Maintenant que ses traits étaient reposés, l'enfant avait presque repris son aspect accoutumé. Mais, pour la première fois, Myrtô s'avisa, maintenant que les grands yeux noirs étaient clos, que l'enfant ressemblait à sa mère.
Le Père Joaldy, le docteur, Katalia, la femme de charge, que n'effrayait pas la crainte de la contagion, se succédèrent pour la veillée funèbre. Myrtô, anéantie de fatigue et d'émotion, dut céder à l'aumônier et aller se reposer quelques heures. Mais elle revint bien vite reprendre sa place près du petit être auquel la douloureuse nuit d'agonie l'avait unie par des liens indestructibles.
Le prince Milcza ne quitta pas une seconde la chambre mortuaire, il déposa lui-même dans le cercueil doublé de satin blanc le corps de son fils.

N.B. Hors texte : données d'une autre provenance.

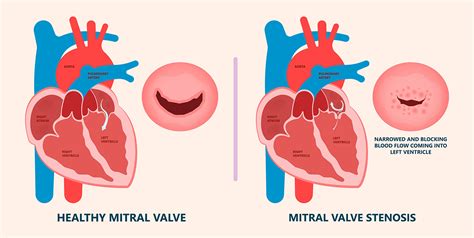 Mitral Valve Diseases Types, Symptoms and Treatment| Dr Raghu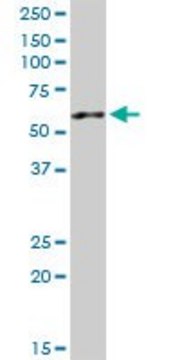 Anti-AP4M1 antibody produced in rabbit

Dans son visage rigide, aussi pâle que celui du petit mort, les yeux seuls laissaient voir quelque chose du désespoir affreux qui devait broyer ce coeur d'homme.
Les funérailles se déroulèrent avec la pompe accoutumée dans la chapelle du château. Pour la première fois, Myrtô vit occupé un des fauteuils princiers… pour la première fois aussi, elle vit le prince Milcza en vêtements noirs.
Les yeux de la jeune fille, gonflés de larmes, s'attachaient avec une ardente compassion sur la haute silhouette debout en avant de tous. Même en ce jour où il était si profondément frappé, le prince Milcza ne courbait pas la tête devant son Dieu.
Du coeur de Myrtô, une supplication jaillit, fervente et douloureuse:
—Mon Dieu, ayez pitié de lui!… Donnez-lui la force, donnez-lui la foi!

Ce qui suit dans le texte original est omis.